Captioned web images
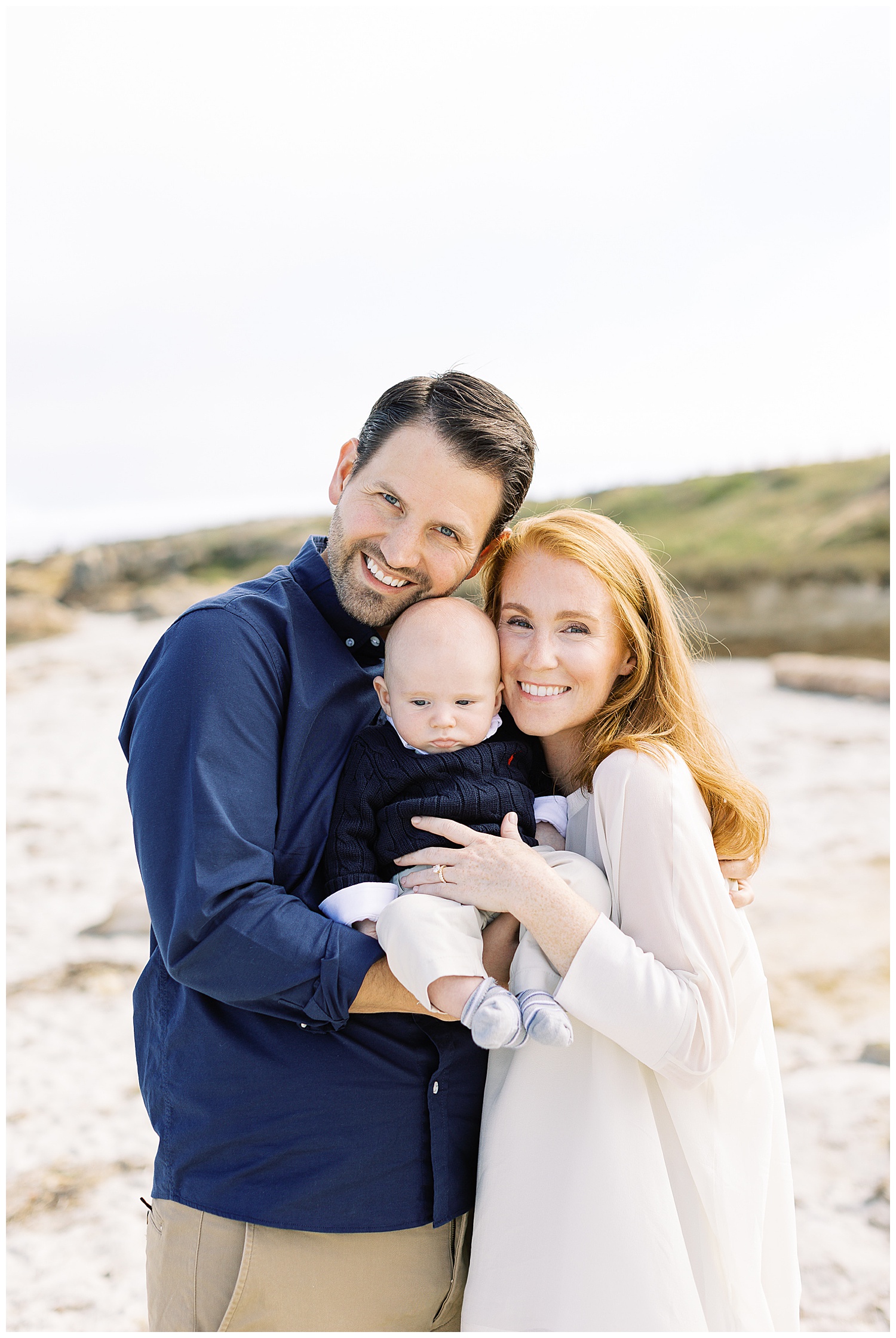 portrait of Mom and Dad with their newborn smiling at the camera during their family session in Pebble Beach by film photographer AGS Photo Art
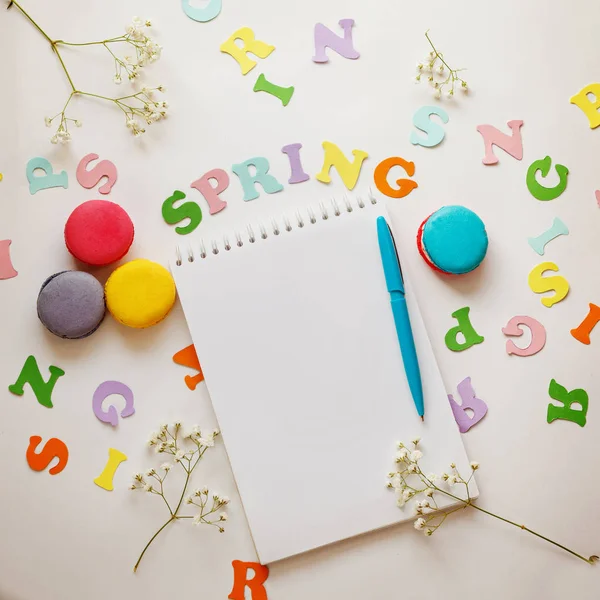 Vista dall'alto immagine della parola primaverile, notebook vuoto aperto e macaron colorati . — Foto Stock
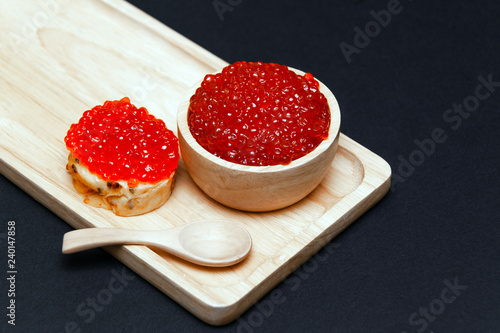 Closeup macro small red salmon caviar canape sandwich on white bread, saucer with slide, little spoon on rectangular wooden plate on black background. Concept gourmet snack seafood appetizer photo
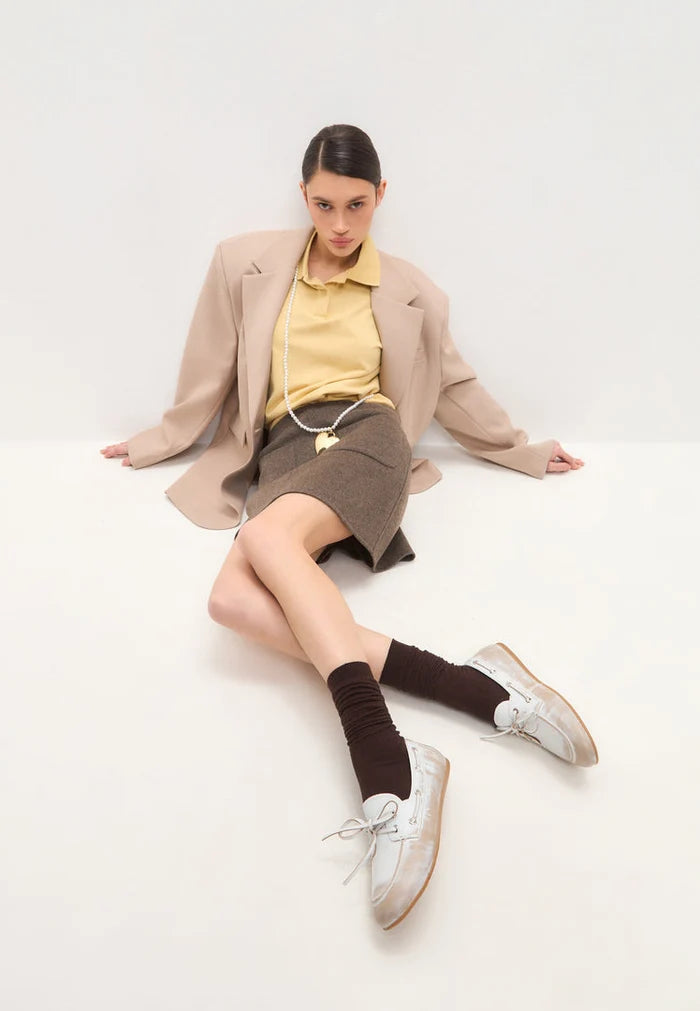 A stylish pair of vintage leather loafers in distressed white with a classic worn-effect, reminiscent of antique white footwear.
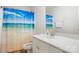 Bathroom with a vibrant shower curtain and a white vanity with ample counter space at 11021 Dundarrach Ln # 40, Charlotte, NC 28277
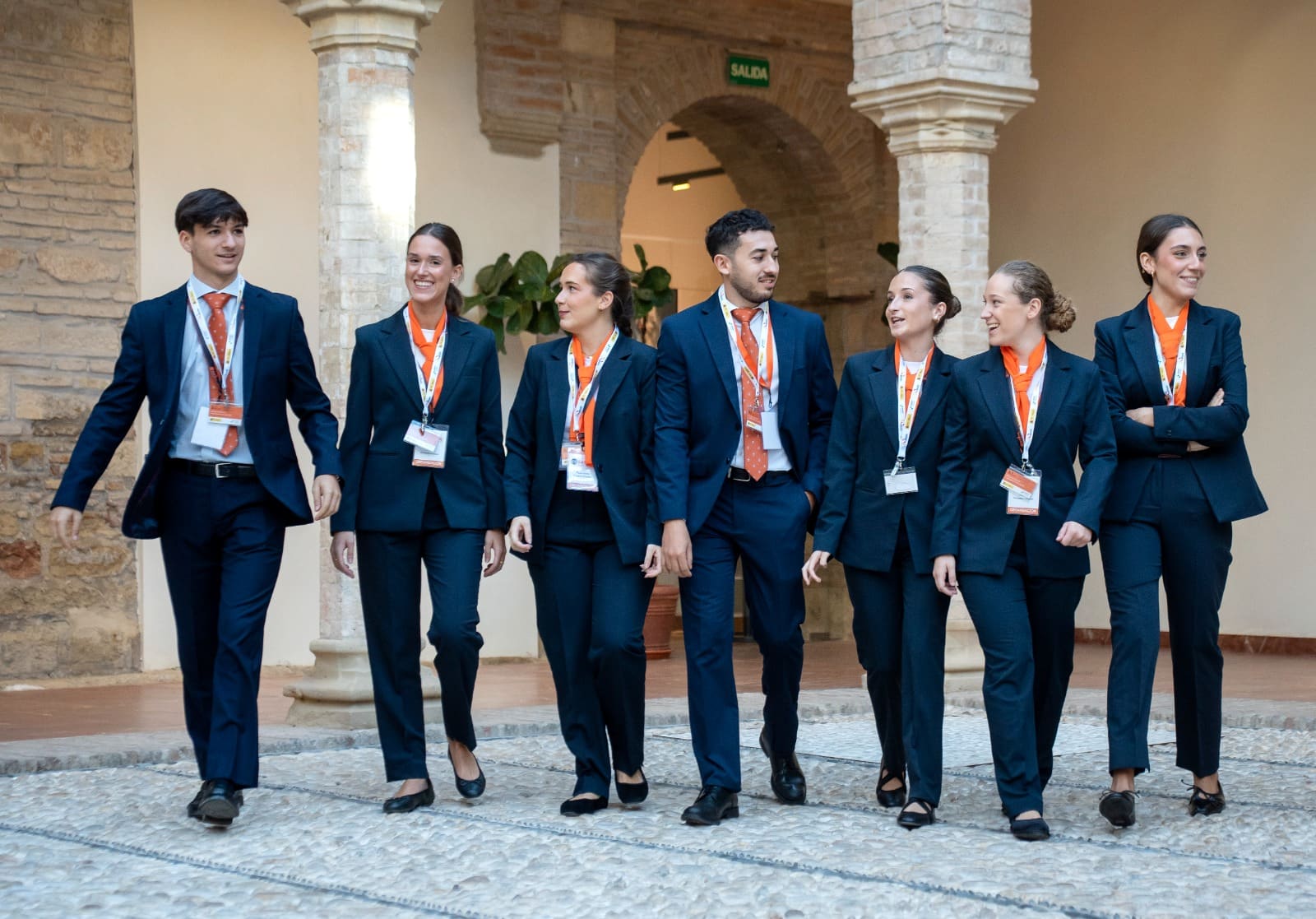 Siete integrantes del equipo de sala de Esmeeting caminan juntos por el patio de la sede de la Cumbre Internacional.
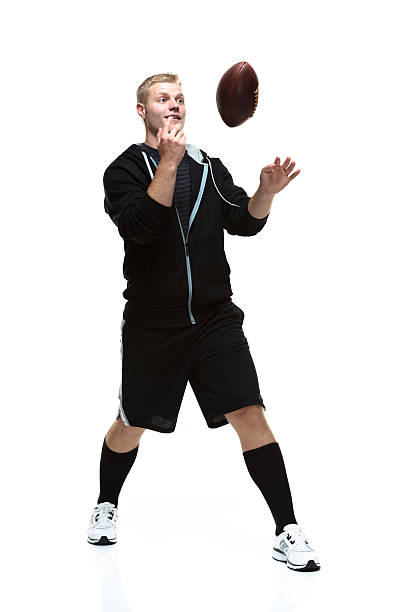 istock Student being playful with football 473142550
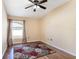 Bright bedroom with floral rug and large window at 1523 Whooping Dr, Groveland, FL 34736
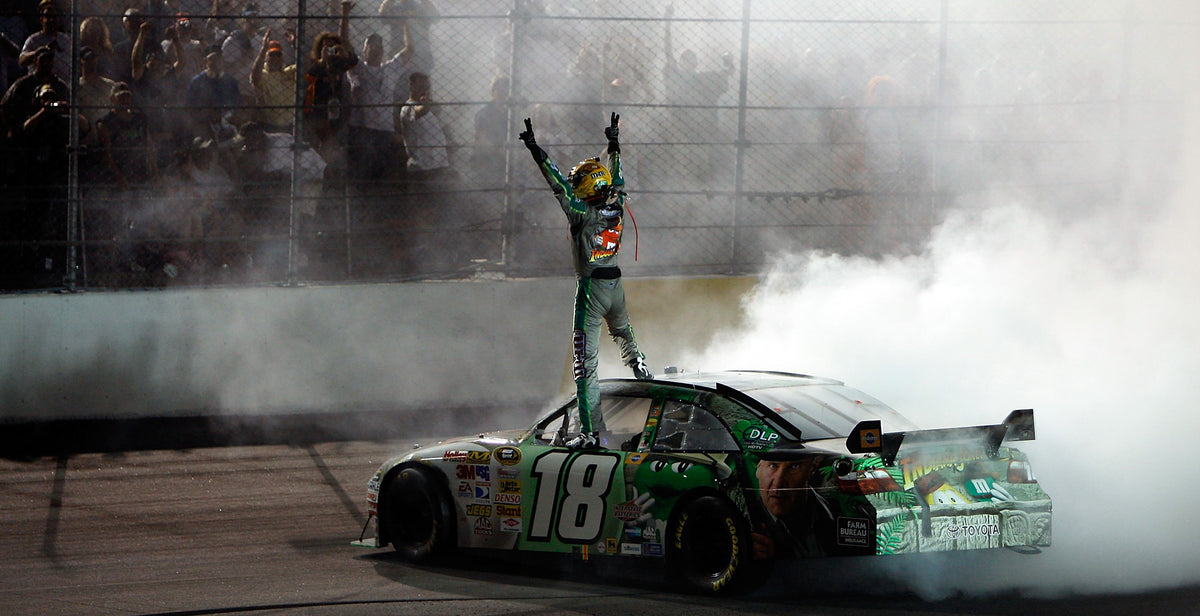 Kyle Busch, driver of the No. 18 M&M’s Indiana Jones Toyota, celebrates after winning the 2008 Dodge Challenger 500 at Darlington Raceway. Chris Graythen / Getty Images  ^^ left light rgba(0,0,0,0.2)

TASK OBJECTIVE: The response should be the lines from the one containing "Closeup macro small" through the final line of the records, reproduced exactly and with every picture left out.

COMPLETED TASK:
 Closeup macro small red salmon caviar canape sandwich on white bread, saucer with slide, little spoon on rectangular wooden plate on black background. Concept gourmet snack seafood appetizer photo
 A stylish pair of vintage leather loafers in distressed white with a classic worn-effect, reminiscent of antique white footwear.
 Bathroom with a vibrant shower curtain and a white vanity with ample counter space at 11021 Dundarrach Ln # 40, Charlotte, NC 28277
 Siete integrantes del equipo de sala de Esmeeting caminan juntos por el patio de la sede de la Cumbre Internacional.
 istock Student being playful with football 473142550
 Bright bedroom with floral rug and large window at 1523 Whooping Dr, Groveland, FL 34736
 Kyle Busch, driver of the No. 18 M&M’s Indiana Jones Toyota, celebrates after winning the 2008 Dodge Challenger 500 at Darlington Raceway. Chris Graythen / Getty Images  ^^ left light rgba(0,0,0,0.2)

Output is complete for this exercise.